INSTRUCTIONS TO FOLLOW: Reproduce the closing part of the entries exactly: the line with "Marble Triangle Hair" and all lines after it, ending with the last line, and nothing else.

SUPPLIED ENTRIES:

# # # #

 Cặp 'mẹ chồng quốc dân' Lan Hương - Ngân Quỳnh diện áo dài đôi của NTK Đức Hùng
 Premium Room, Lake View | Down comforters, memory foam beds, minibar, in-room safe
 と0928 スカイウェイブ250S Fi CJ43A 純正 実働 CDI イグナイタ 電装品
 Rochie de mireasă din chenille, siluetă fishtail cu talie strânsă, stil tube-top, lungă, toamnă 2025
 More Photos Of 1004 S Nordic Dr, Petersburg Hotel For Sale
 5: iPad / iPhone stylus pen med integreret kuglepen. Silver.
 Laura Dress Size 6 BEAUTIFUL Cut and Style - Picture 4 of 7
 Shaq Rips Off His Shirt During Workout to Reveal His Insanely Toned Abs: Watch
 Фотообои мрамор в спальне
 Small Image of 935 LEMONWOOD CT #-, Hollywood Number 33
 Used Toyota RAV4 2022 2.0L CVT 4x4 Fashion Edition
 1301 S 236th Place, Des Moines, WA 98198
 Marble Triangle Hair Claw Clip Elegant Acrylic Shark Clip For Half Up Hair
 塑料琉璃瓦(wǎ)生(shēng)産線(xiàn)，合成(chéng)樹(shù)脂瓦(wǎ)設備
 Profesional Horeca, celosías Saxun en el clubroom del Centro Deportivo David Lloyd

# # # #

RESULT BELOW:
 Marble Triangle Hair Claw Clip Elegant Acrylic Shark Clip For Half Up Hair
 塑料琉璃瓦(wǎ)生(shēng)産線(xiàn)，合成(chéng)樹(shù)脂瓦(wǎ)設備
 Profesional Horeca, celosías Saxun en el clubroom del Centro Deportivo David Lloyd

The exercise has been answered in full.